• [Required action] Exact copy, pictures excluded: set down only the lines from the one with "invitation to the offering 1" through the end of the entries, keeping both end lines.

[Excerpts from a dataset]
☆ ☆ ☆ ☆

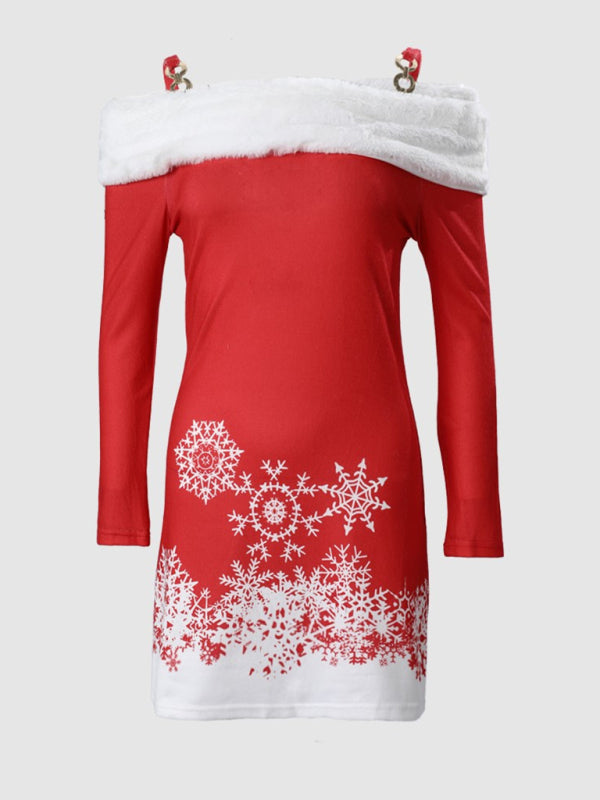 Santa's Helper Christmas Mini Dress with Faux Fur Xmas Dresses - Chuzko Women Clothing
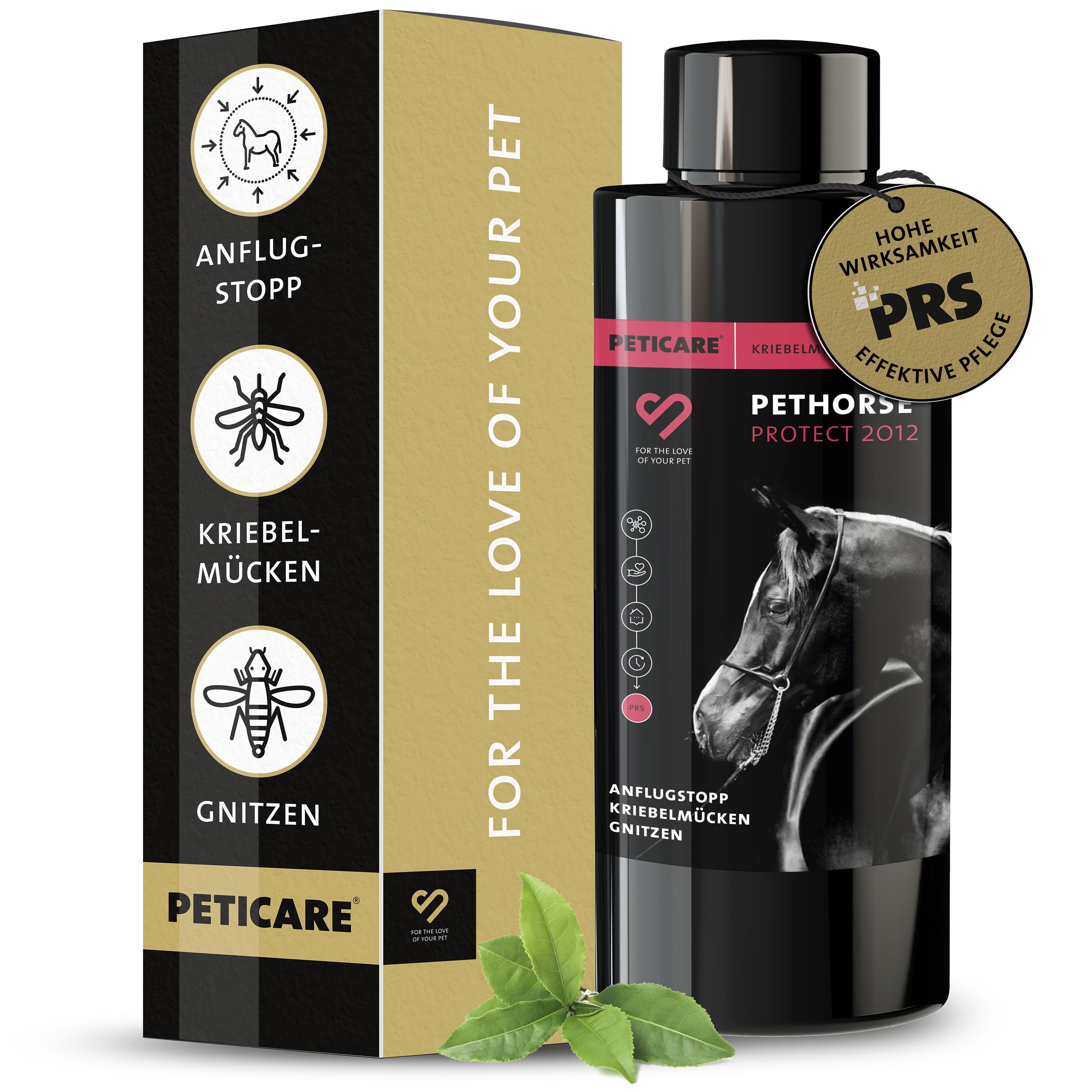 Produktverpackung mit Flasche und Box. Text: Für die Liebe Ihres Haustiers. Peticare.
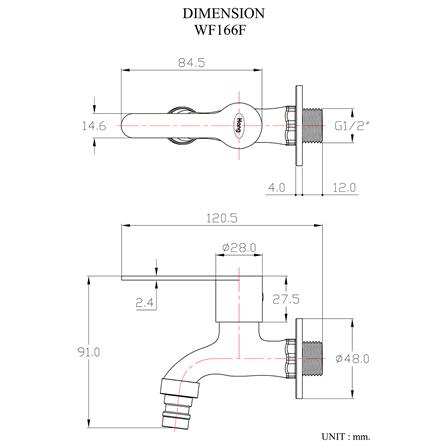 ก๊อกล้างพื้น 1 ทาง HANG WF-166F สเตนเลส_3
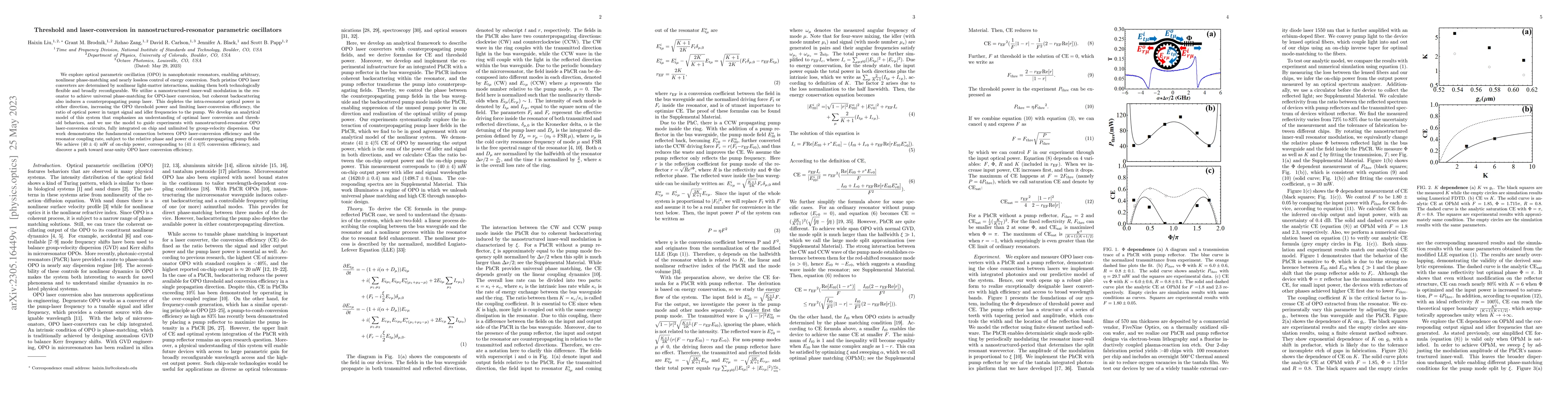 Thumbnail for Threshold and laser-conversion in nanostructured-resonator parametric
  oscillators
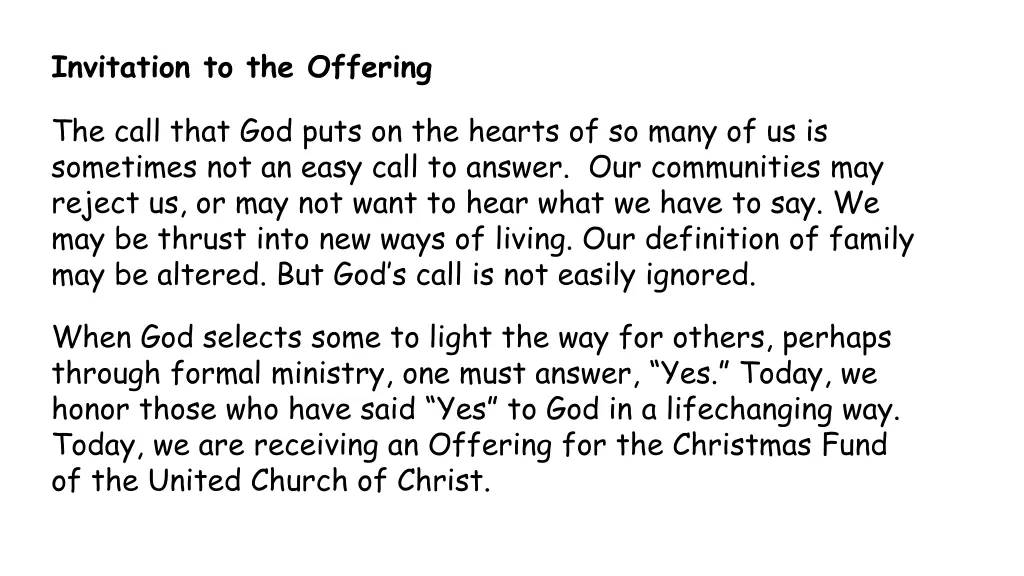 invitation to the offering 1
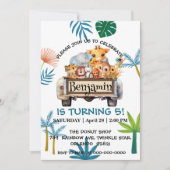 Niedlicher Zoo-Dschungelbaum Traktor Junge Geburts Einladung (Vorderseite)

☆ ☆ ☆ ☆

• [Result of the task]
 invitation to the offering 1
 Niedlicher Zoo-Dschungelbaum Traktor Junge Geburts Einladung (Vorderseite)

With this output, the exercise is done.